On the other hand, the democratic, constitutional state sees and celebrates itself as the rule of law. And that means that the great victors who the people empower become heads of a power apparatus whose mode of functioning is supposed to guarantee impersonal rule. Immediately after the election victory, they are sent to ‘hold’ offices that confront them not only with all kinds of fixed tasks but also with limits on authority that cannot be challenged. While exercising their power, they have to grapple with an officially recognized opposition, which is allowed to move in the corridors of power with its own full authority, to obstruct the government using all the parliamentary rules, and in the process likewise to claim to speak for the people. Moreover, the elected executive has to acquiesce to controls on his exercise of power, occasionally also to binding objections to his law-implementing orders by robe and wig wearers, even though and precisely because members of the judiciary are expressly not elected representatives of the people. Instead, they are the guardians of a constitution that is deemed to be the binding standard for the actions of government and the decisions of free, elected representatives; but this is intended to serve members of the people all the more, because their rights are thereby protected from a ‘tyranny of the majority.’ On top of that, the elected government is then confronted with a free press — with the explicit right and self-imposed mandate not only to inform about the government’s actions but also to criticize them. And even though the agents of the ‘fourth estate’ have no mandate from the electorate, they too can claim to speak for the people. And finally, the elected leader has to stand for election again and again at periodic intervals.

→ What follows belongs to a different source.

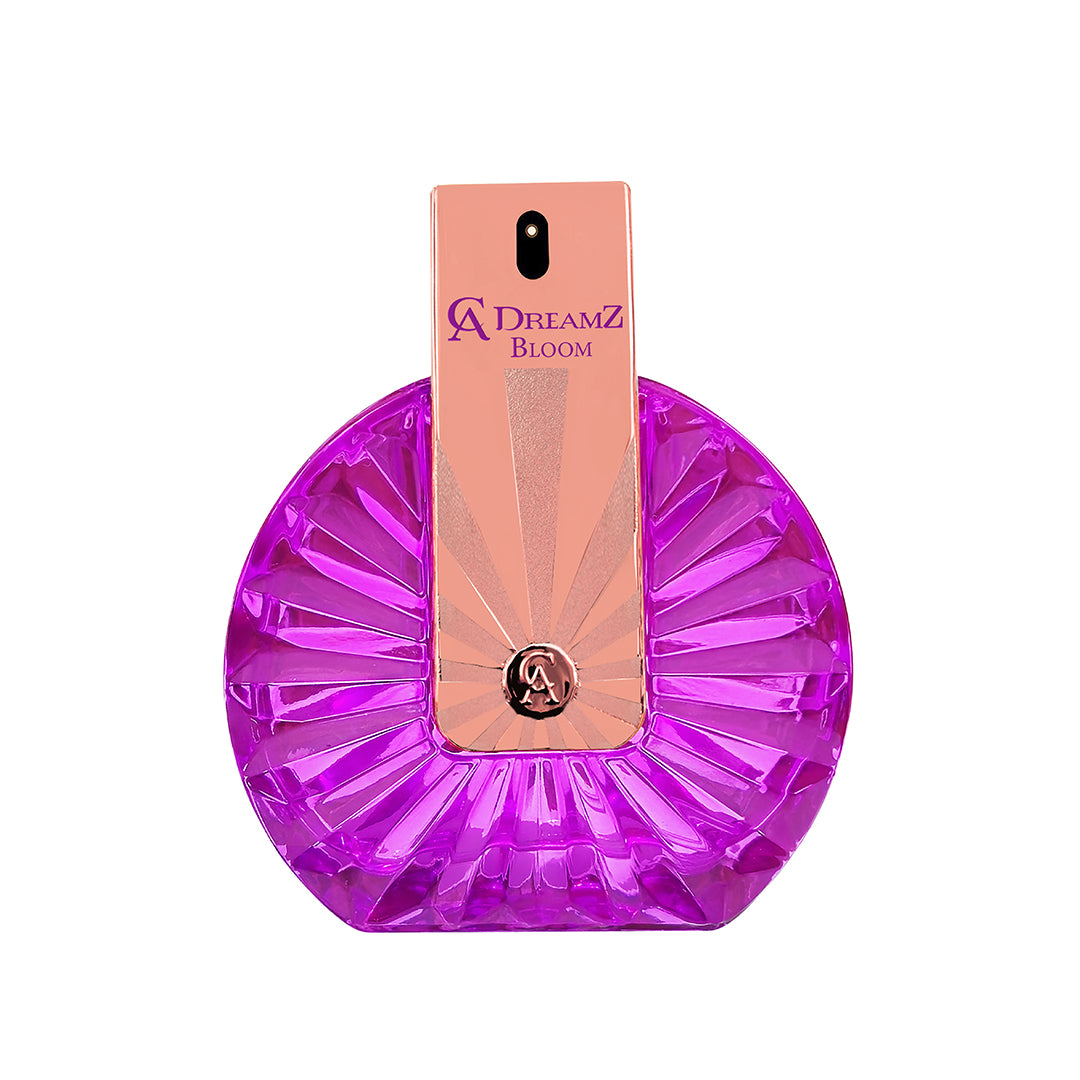Purple perfume bottle with pink packaging on a white background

Modern popular rule, in which the word of the people is regarded as sacred, celebrates itself for all these restrictions on the power of elected governments — so that the term ‘democratic, constitutional state’ is now by and large seen not as a contradiction, but as a redundancy. In practice, certainly, democratically elected rulers are always aware of this contradiction. It is nothing new that they find such constitutional restrictions on their powers annoying and complain about how ‘laborious’ democratic governance is. Invoking their ‘mandate’ from the voters, they sometimes interpret their right — anyway always their entitlement — somewhat more generously than officially intended. Violations of constitutional procedure are already firmly expected, so that investigative committees and other control and sanction mechanisms are an integral part of the democratic power apparatus and a popular field of activity for party competition. The fact that such mechanisms exist is more important for praising the constitutional state than the fact that they are apparently necessary.

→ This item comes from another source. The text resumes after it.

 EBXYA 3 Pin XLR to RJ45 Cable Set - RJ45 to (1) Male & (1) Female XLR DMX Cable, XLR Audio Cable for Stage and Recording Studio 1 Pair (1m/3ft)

All in all, the constitutional state enjoys the reputation of preventing with its various checks and balances the ‘arbitrariness’ of those who rule, doing so in such a way that there actually can no longer be any question of rule itself. This is not the truth about the separation of powers. What elected rulers are confronted with here by no means merely limit and relativize their freedom to exercise power, but rather are elements of the very process by which their will is molded into perfectly formed acts of rule that not only require but also deserve the obedience of the people and the recognition of their many champions. The constitutional state institutionalizes the empowerment of the ruling personnel, including making everything that it decides and makes mandatory for its people worthy of recognition. Hence, constitutional procedure is an instrument of ‘divided’ rule, a means of securing the freedom of those in power to have the society at their sovereign disposal. When democrats regularly swallow their traditional anger about such restrictions, they are showing their respect for this ‘laborious’ achievement of constitutionality. On suitable occasions, they then praise their system of rule for its considerable ‘stability’ and also recommend it to the opponents of their system in the Far East.
Populists, too, do not want to do without this achievement of constitutional procedure. They even insist on it — albeit against the process by which it comes about, i.e., against the autonomy and independence of the relevant, divided powers. For them, the term limits on holding office that is part of democracy is nothing but an opportunity to renew their empowerment. In the same vein, they demand from the press more like constructive criticism according to standards set by those in power, namely, direct propaganda; they don’t expect the judiciary to check their executive freedom, but rather to confirm it. Populists do not abolish such institutions; instead they confront them with the demand that they function as reliable executive organs of the ruler elected by and for the people. To be sure, this demand contradicts the way these institutions function, but by no means their function for rule. The fact that constitutional procedure is a means of securing the freedom to rule is absolutized by populists for their personal freedom from all the constraints that the procedure imposes on them as elected rulers.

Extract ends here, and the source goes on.